WILLMAR -- For one day, each Kandiyohi County Commissioner had a chance to see what it feels like to go the desk at the Family Services Department, fill out a form asking for assistance and make an appointment with a case worker.
On that same day, they got to feel the heavy weight that county social workers experience when they review cases of potential abuse of children or vulnerable adults.
They also witnessed the complicated maze of regulations and endless state-mandated paperwork social workers complete for multiple programs, like screening elders for long-term care assistance and determining who pays for nursing home stays.
"Wow. That was quite a day," one of the commissioners told Jay Kieft, Kandiyohi County Family Services director.
Over the last two months, all five commissioners spent an individualized day in the Family Services Department shadowing the case workers and department heads. They also walked in the shoes of a county resident who needs assistance.
At the end of each day Kieft met with the commissioner to get their gut reactions. Even though they were well-acquainted with the family service programs and the work county employees do, they experienced some surprises that brought them to the heart of the mission.
They told Kieft that the process of applying for assistance "is not really easy," people "don't just stop in and get a check" and that "the perception that the Health and Human Services building is just a place for handouts is wrong."

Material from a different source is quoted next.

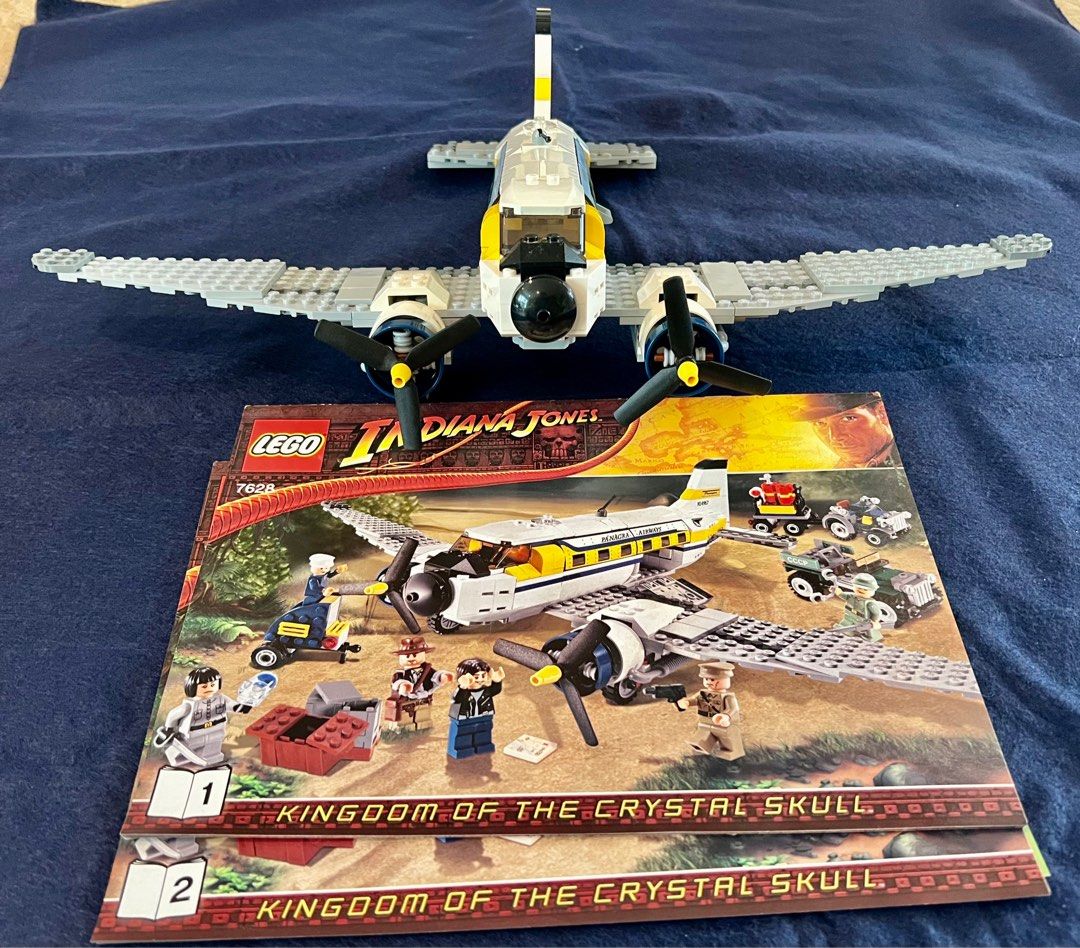 Lego 7628 Indiana Jones Kingdom of the Crystal Skull Hobbies Toys Toys Games on Carousell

After his experience, Commissioner Richard Falk confessed he "must live a sheltered life."
The commissioners were also deeply impressed by the "breadth of knowledge" the county workers had and how "respectful" they were to everyone who walked through the doors. They also noticed the enthusiasm of the staff and said their "excitement about the mission is evident."
Seeing the county commissioners in their department also had a huge, positive impact on the employees, Kieft said. "Our staff really feels validated by their attention," he said, and that has "lifted up" the mission of the department even higher.
Kieft said he hopes that giving the commissioners a taste of the day-to-day events in the Family Services Department will help them make decisions in the future about programs. The county commissioners are "ambassadors" and Kieft has encouraged them to take the family services message to the public.
"They're the best tie to the community," he said. "They're leaders. People go to them and listen to them when they speak."
Falk said he found the exercise so valuable that the commissioners should have similar shadow experiences with other county departments.